Encore une technologie de pointe, pensa Kybop.
— Comment est-ce possible ? s’émerveilla Fyguie.
— Je suis lié au vaisseau. Il fait partie de moi et je fais partie de lui, répondit-il.
Leur complice était tout trouvé.
ZOLDELLO - INDULAS
La princesse et la Régente venaient d'arriver, toutes deux vêtues de robes similaires, probablement la tenue réglementaire pour un tel événement. Les deux cousines se tenaient fièrement, drapées dans des robes noires élégantes qui tombaient avec grâce jusqu'à leurs chevilles. Le tissu, d'un noir profond, évoquait la dignité et le respect inhérents à l'événement. Chaque robe était délicatement brodée de motifs floraux en fil doré, un motif récurrent sur cette planète. Les manches longues et fluides ajoutaient une touche de sophistication, tandis qu'un léger décolleté accentuait la délicatesse de leur port. Ensemble, elles incarnaient la beauté et la gravité de ce moment solennel, prêtes à honorer leur père et oncle.
Elles s'approchèrent du promontoire de pierre où reposait le roi Gotbryde, enveloppé dans un drap de soie mauve brodé de ses initiales. Lilas et Saranthia se positionnèrent de part et d'autre de la dépouille. La princesse tenait sa flamme dans la main droite, toujours ardente. La Régente se tenait de l'autre côté, faisant face à sa cousine, les mains derrière le dos et la tête haute.
Un chant s'éleva, se répandant dans les environs et provoquant des frissons. La mélodie fredonnée résonnait dans chaque arbre, chaque fleur, chaque nuage. Un léger vent semblait même la transporter, enveloppant le moment d'une poésie poignante.
"De la pointe d'un If,
Ton âme s'envolera.
D'un feu des plus vifs,
Ton corps s'évanouira.
De notre mémoire obligée,
Ton nom perdurera.
Au nom de l'Éternité,"
Le chant se termina, laissant place à un silence fracassant. Le temps semblait suspendu dans les airs. Finalement, Lilas s'avança et laissa s'échapper la flamme. Le corps de Gotbryde s'embrasa lentement, libérant des effluves de lavande qui se répandaient tout autour de lui. Chaque lueur incandescente semblait tisser un passage vers l'au-delà, un doux adieu à cette existence. Tandis que les flammes consumaient sa chair, elles libéraient son âme, tel un oiseau enfin affranchi, prêt à prendre son envol vers une nouvelle vie, celle d'après.

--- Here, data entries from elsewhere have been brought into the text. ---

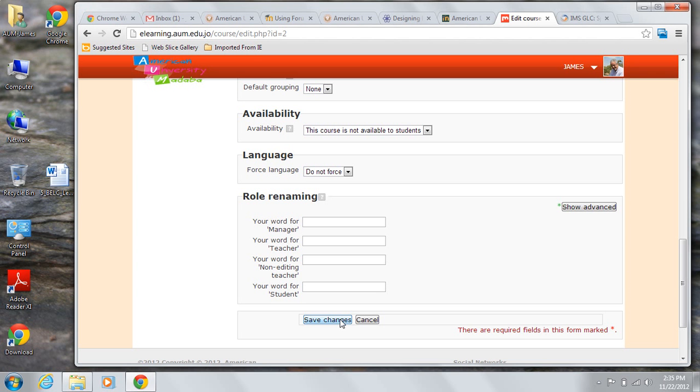Don't worry, the decisions you make here are not set in stone. You can always come back to the edit settings page and make changes as needed.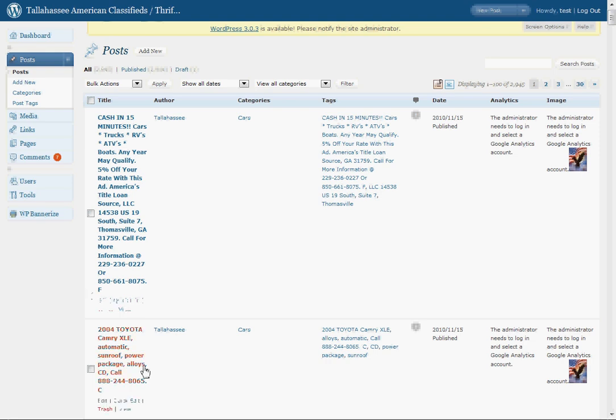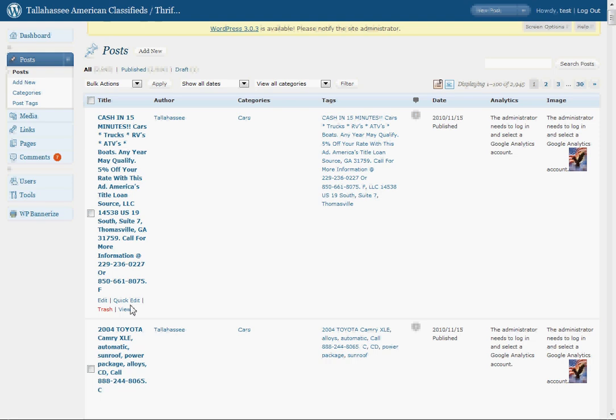Every time you highlight any one of these ads, it'll automatically pull up edit, quick edit, trash, and view. If you click view, that'll show you what the ad will look like on the consumer side. Trash will delete it.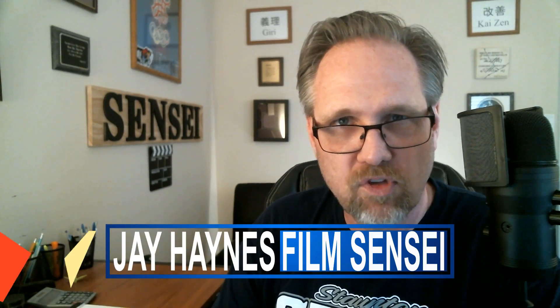Jay Haynes for the Film Sensei channel. Today in this video I'm going to show you a quick little trick to use with the clone stamp effect.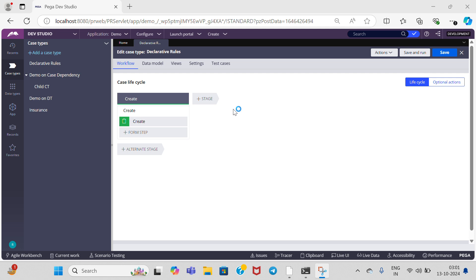Hello everyone, welcome to Pega Technology YouTube channel. In this video I am going to tell you about one of the declarative rules: declare onChange. When you want to perform anything based on a property, we use declare onChange rule. Whenever we are trying to change the property value, it will automatically run an activity. Declare onChange rules run an activity anytime that the value of a specified property changes, and it implements forward chaining. No other rules explicitly reference declare onChange rules. After you save a declare onChange rule, it is executed immediately as needed, because it is a declarative rule — we do not need to call this rule.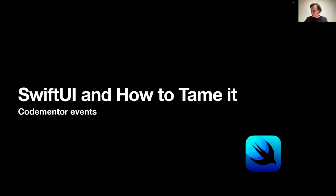Yeah, I guess we're ready to start. It's 11 p.m. my time, and this event is called SwiftUI and High Entertainment. Let's get some formalities out of the way quickly.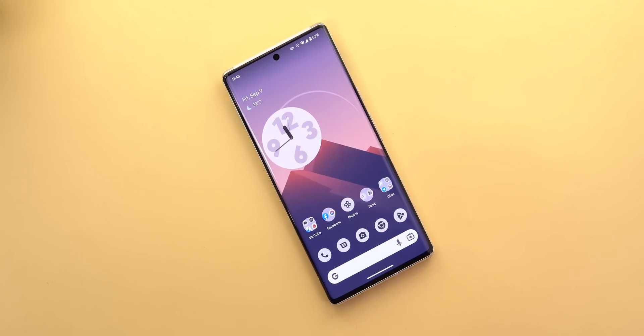That's pretty much it for today — those are all the new changes in Android 13 QPR Beta 1. Please let me know in the comments if I missed anything, and thank you so much for watching. See you in the next video.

Le crépitement du feu résonnait comme un chant de libération, une promesse que la vie continuait au-delà des ombres de cette planète rongée par les conflits.
— Que ton âme trouve sa nouvelle destinée, que ton règne s'achève apaisé, récita Lilas, la voix tremblante.
— La main sur le cœur, le regard vers l'avenir, accompagna Saranthia.
Après que Saranthia eut pris la parole, la cérémonie toucha à sa fin. Il était temps pour Kybop, Fyguie et le capitaine de s'éclipser.